Dizzy Spells and Getting Older
Dizzy Spells and Getting Older: There are many pitfalls to getting older…grey hair, loss of strength or flexibility, perhaps you tire more easily or don’t sleep as much as you age. Some things are more annoying than dangerous, like having less energy. Going bald may be an irritating side effect of getting older, but at least it can’t kill you. Other things, such as falling or losing your balance, can increase your risk of serious injury or even death as you get older. One of the more dangerous concerns of aging involves the increasing chance of “dizzy spells” or vertigo.
Vertigo, more commonly known as “a dizzy spell,” is a common occurrence in people of all ages for a variety of reasons. It can happen to anyone but we now know that it occurs in the elderly more often. It is a sensation of spinning dizziness as if the room is spinning around the person experiencing it. Dizziness or vertigo can be caused by something as minor as an ear infection or as serious as an impending stroke.
Dizziness is a symptom, not a diagnosis, and it often includes the following characteristics:
- Balance issues
- Nausea and vomiting
- Motion sickness
- Ringing in the ear
- A feeling of fullness in the ear
- Nystagmus (when the eyes move uncontrollably)
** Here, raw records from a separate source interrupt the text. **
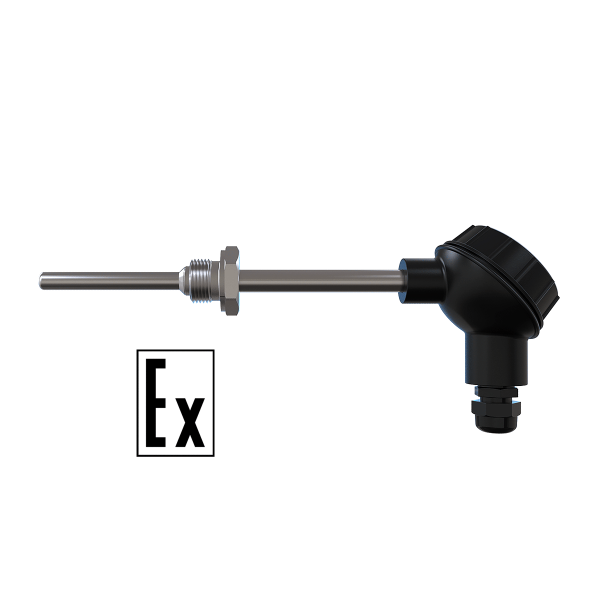 ДТСхх5 термосопротивления с коммутационной головкой EXIA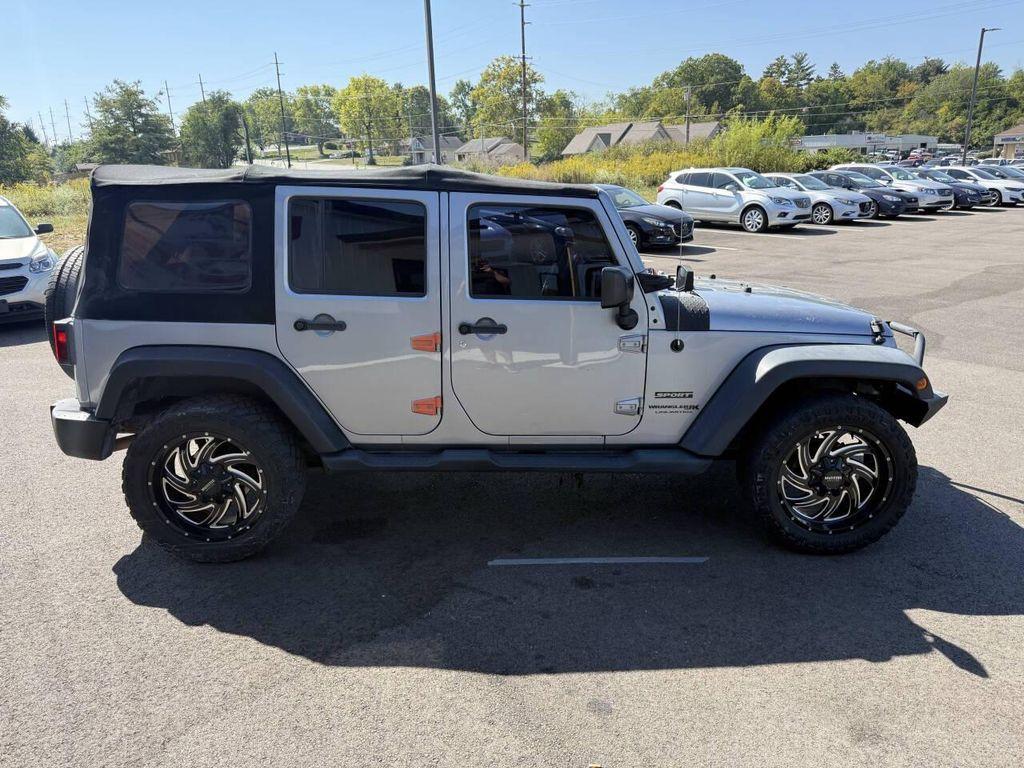 used 2018 Jeep Wrangler JK Unlimited car, priced at $12,995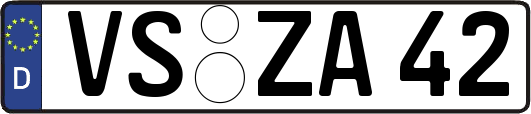 VS-ZA42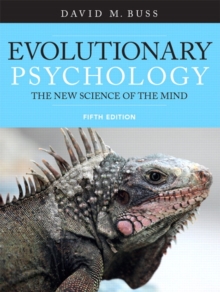 Image for Evolutionary Psychology : The New Science of the Mind (International Student Edition)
Some causes of dizziness can be attributed to serious conditions such as dementia, anemia, vascular problems, vision loss, or even medications that interact negatively with each other. Sometimes dizziness is caused by a viral infection or simply dislodged crystals in the inner ear. Whatever the cause, it is important to have your loved one checked out by a doctor to find the source of the dizziness before a serious fall or accident happens. Prevention truly is the best measure as your loved ones get older.
Medical research has confirmed that the prevalence of vertigo and dizziness reaches as high as 30% in those aged 60 and over, which means that the number of patients is rapidly increasing due to the aging of the world’s population. Because so many of the elderly experience vertigo, this means that falling and sustaining serious injuries are real concerns. Falls are the leading cause of accidental death in those over 65 years old, so we all need to be aware of the risks as our loved ones get older.
Here are a few things you can do to help your loved one who has vertigo and thus prevent more serious injuries:
- Always consult a doctor for any ongoing issues with dizziness or blurry vision: If your loved one has regular episodes of vertigo or problems with their vision, your first stop should be with an ear-nose-throat specialist (ENT) or an ophthalmologist to check out the ears, nose, throat, and eyes for any systemic problems. The ENT or ophthalmologist can also steer you in the right direction if everything checks out okay on their end and further testing is needed. Those over 65 commonly have issues with their eyesight beginning to fail, and sometimes this may be the cause of the dizziness or falling.
- Regular exercise is needed for ALL ages: Not only does it keep a body healthy, but it also helps strengthen your bones and muscles, which is critical for those who are aging. The injuries may be more serious if you have brittle bones or are more prone to fractures or breaks. In case a fall does occur, having strong bones can prevent them from more serious injuries.
- Invest in a reliable life alert system: These are wearable devices such as a bracelet or necklace that makes contacting a family member or emergency services as simple as pressing a button. They are extremely valuable in case of a fall, stroke, or other medical emergency and you can find the best one by reading the medical alert system reviews of the systems available on the market today. Some of these systems even contain a fall detection feature, which automatically contacts the programmed support network when a fall in the home is detected.
- If your loved one has dizziness AND any of the following symptoms, get immediate medical attention: Sudden severe headache, chest pain, difficulty breathing, numbness or paralysis of limbs, fainting, double vision, rapid or irregular heartbeat, slurred speech, continuous vomiting, seizures, sudden change in hearing, or facial numbness or weakness: any of these symptoms combined with dizziness could mean an imminent stroke or other catastrophic medical event is possible.
Hopefully, these tips will help you navigate your aging loved one’s experiences with vertigo or dizzy spells and make them more aware of the risks involved. As their caregiver, pay attention to any symptoms and strive to keep your loved ones safe in their home, and hopefully, any serious falls or injuries can be avoided.